Un projet de centrale marémotrice géante dévoilé au Royaume-Uni

Ce projet consiste à ériger près de Cardiff un lagon artificiel, dans l’estuaire de la Severn, ce fleuve qui sépare le Pays de Galles du sud-ouest de l’Angleterre.

Ce lagon serait équipé de 90 turbines exploitant les marées pour produire de l’électricité, a expliqué dans un communiqué Tidal Lagoon Power, la société à l’origine du projet.

Par son ampleur, ce projet dépasse a priori toutes les installations marémotrices existantes ou en projet. L’usine marémotrice de Cardiff aurait une capacité énorme, qui pourrait aller de 1.800 à 2.800 mégawatts selon le schéma retenu, soit l’équivalent de deux ou trois réacteurs nucléaires de taille moyenne.

De quoi alimenter en électricité 1,5 million de foyers, soit plus que la totalité des habitants du Pays de Galles, et ce pendant 120 ans, selon Tidal Lagoon Power.

En comparaison, la célèbre centrale marémotrice de la Rance, en Bretagne (ouest de la France), mise en service dans les années 1960, dispose d’une capacité de 240 mégawatts seulement.

Longtemps la plus grande installation du genre, l’usine de la Rance a été supplantée en 2011 par la centrale de Sihwa, en Corée du Sud, pays où une autre usine marémotrice de plus de 1.000 mégawatts devrait être inaugurée cette année, à Incheon.

Le projet de Cardiff n’en est toutefois qu’à ses débuts. Tidal Lagoon Power espère soumettre une demande de permis de construire en 2017, en vue d’une mise en service potentielle en 2022.

Le coût total du projet n’est pas chiffré mais l’entreprise estime que pour être rentable, l’électricité produite devrait être vendue entre 90 et 95 livres par mégawattheure, un prix de revient proche des nouveaux réacteurs nucléaires projetés au Royaume-Uni.

Si la taille du projet donne le tournis, l’entreprise n’en est pas à son coup d’essai : Tidal Lagoon Power est déjà derrière un projet de centrale du même type dans la baie de Swansea, toujours au Pays de Galles, d’une capacité plus modeste de 320 mégawatts, qui lui permettrait de démontrer la faisabilité de sa technologie, et constituerait une première mondiale.

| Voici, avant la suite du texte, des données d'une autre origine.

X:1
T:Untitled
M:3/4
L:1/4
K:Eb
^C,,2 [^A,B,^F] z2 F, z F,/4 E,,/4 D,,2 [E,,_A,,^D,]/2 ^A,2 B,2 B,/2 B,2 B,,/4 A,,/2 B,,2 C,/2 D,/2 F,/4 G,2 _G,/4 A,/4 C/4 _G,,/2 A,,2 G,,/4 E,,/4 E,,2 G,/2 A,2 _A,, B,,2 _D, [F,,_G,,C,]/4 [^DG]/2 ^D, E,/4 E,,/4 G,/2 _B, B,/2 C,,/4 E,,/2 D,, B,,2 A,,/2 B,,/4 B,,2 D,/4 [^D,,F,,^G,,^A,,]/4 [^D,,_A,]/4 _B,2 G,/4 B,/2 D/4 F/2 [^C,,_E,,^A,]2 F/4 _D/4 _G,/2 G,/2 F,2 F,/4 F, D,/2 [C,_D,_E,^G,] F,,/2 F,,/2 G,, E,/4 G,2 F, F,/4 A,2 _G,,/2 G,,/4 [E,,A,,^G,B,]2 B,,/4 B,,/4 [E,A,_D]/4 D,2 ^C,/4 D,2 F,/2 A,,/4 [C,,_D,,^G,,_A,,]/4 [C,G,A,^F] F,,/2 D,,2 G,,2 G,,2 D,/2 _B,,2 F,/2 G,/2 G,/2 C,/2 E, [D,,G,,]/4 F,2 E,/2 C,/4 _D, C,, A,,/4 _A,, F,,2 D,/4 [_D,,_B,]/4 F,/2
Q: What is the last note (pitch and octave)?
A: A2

La remise éventuelle d’un permis de construire pour ce projet pilote, qui suscite l’intérêt officiel du gouvernement britannique, est attendue en juin.

L’entreprise a confirmé par ailleurs envisager quatre autres centrales du même type sur les côtes britanniques, soulignant que si l’ensemble de ses projets voyaient le jour, ils pourraient couvrir 8% des besoins en électricité du Royaume-Uni.

Le Royaume-Uni, qui dispose du meilleur potentiel en la matière en Europe, est en pointe dans l’exploitation des énergies marines renouvelables (EMR), des plus avancées comme les éoliennes marines, à celles encore balbutiantes comme les hydroliennes.

Les hydroliennes sont des turbines actionnées par les courants marins, sans être intégrées à un ouvrage de type barrage ou lagon.

Le gouvernement a ainsi donné le mois dernier son feu vert à la construction d’un double parc d’éoliennes en mer du Nord, au large de la côte nord-est de l’Angleterre, qui pourra alimenter simultanément 1,8 million de foyers.

L’estuaire de la Severn est une des zones jugées les plus propices pour développer les énergies marines. Depuis les années 1970, plusieurs projets de barrages, similaires à l’usine de la Rance, ont été proposés sans succès dans la zone, non sans soulever des craintes concernant l’impact sur l’écosystème fluvial. Le dernier en date a été rejeté par le gouvernement en 2013.